» **WHAT IS NEEDED**: This exercise calls for retyping every line below exactly, with the images omitted.

» **INFORMATION SUPPLIED**:
+ + +

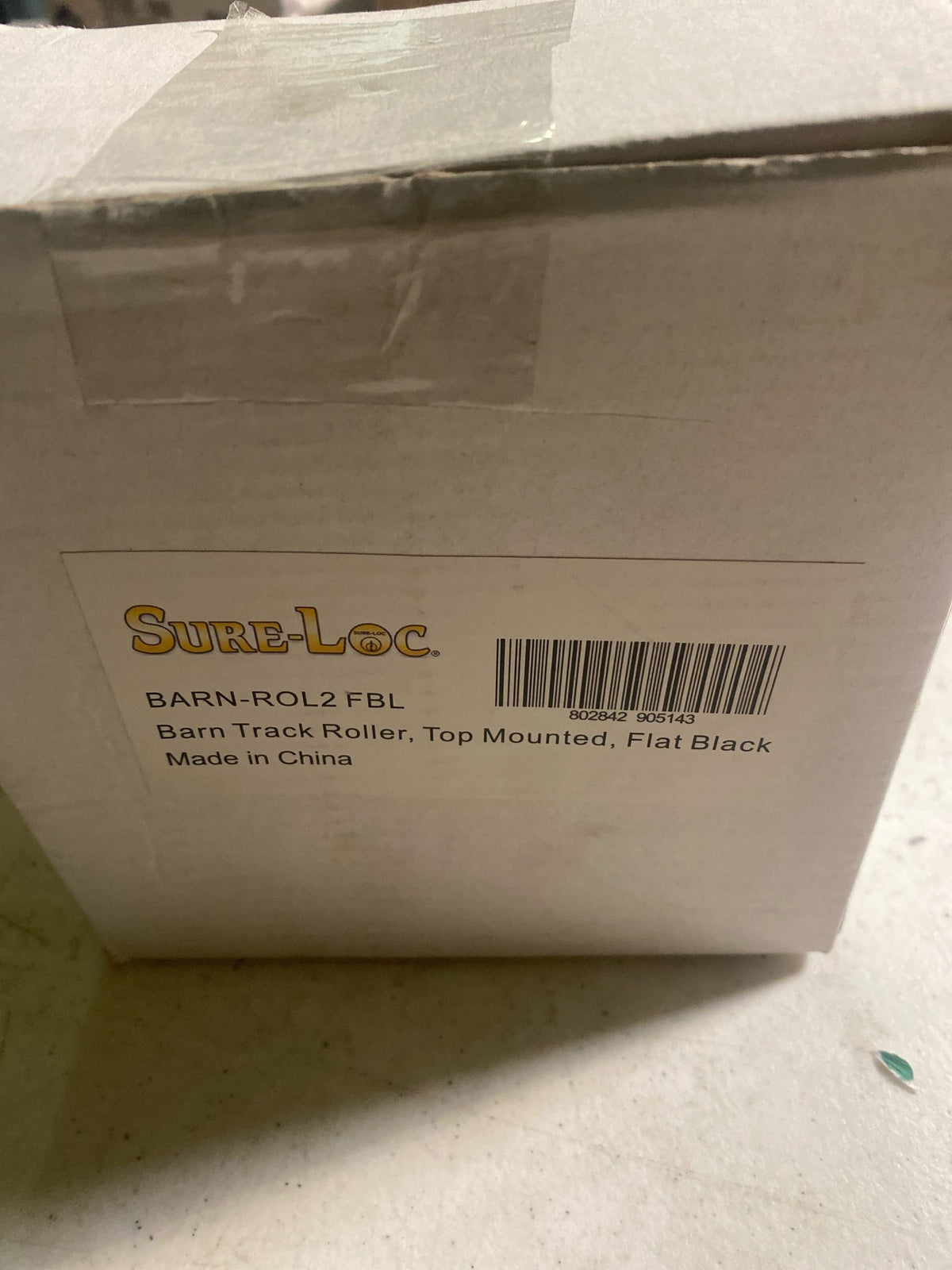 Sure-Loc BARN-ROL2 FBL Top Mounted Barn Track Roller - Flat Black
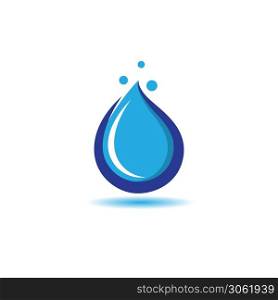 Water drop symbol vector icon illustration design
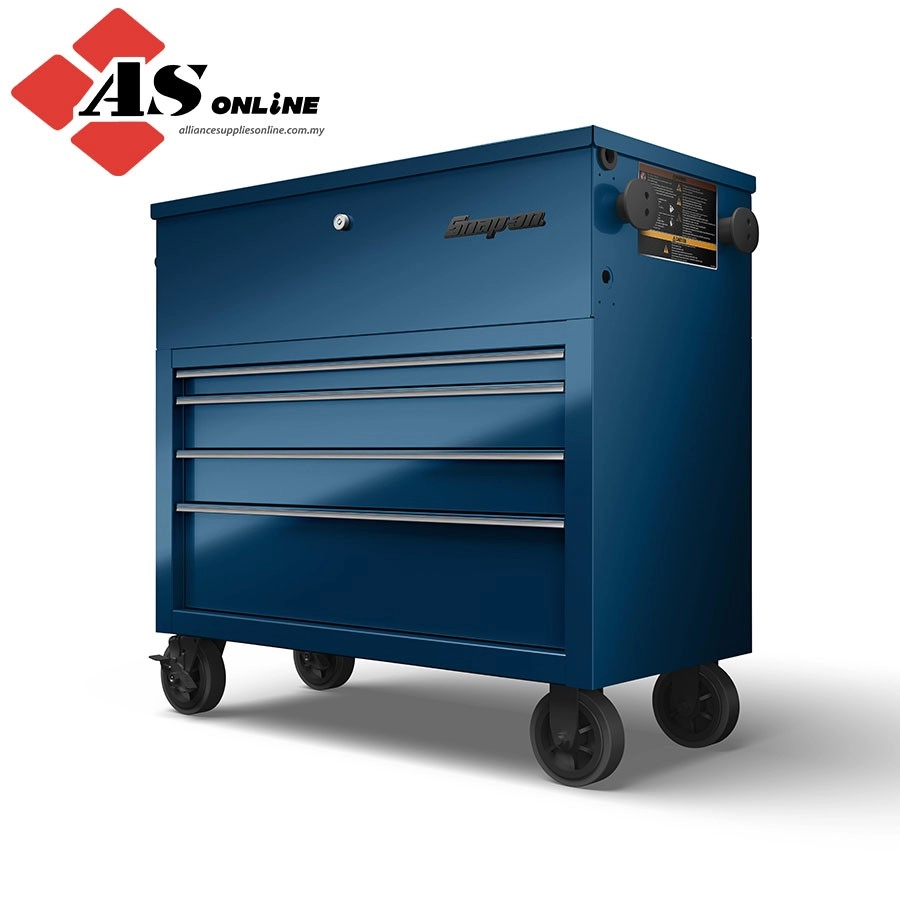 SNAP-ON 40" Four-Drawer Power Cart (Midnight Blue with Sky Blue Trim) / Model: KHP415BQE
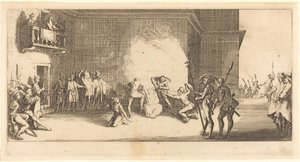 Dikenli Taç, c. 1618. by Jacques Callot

+ + +

» **RESPONSE**:
 Sure-Loc BARN-ROL2 FBL Top Mounted Barn Track Roller - Flat Black
 Water drop symbol vector icon illustration design
 SNAP-ON 40" Four-Drawer Power Cart (Midnight Blue with Sky Blue Trim) / Model: KHP415BQE
 Dikenli Taç, c. 1618. by Jacques Callot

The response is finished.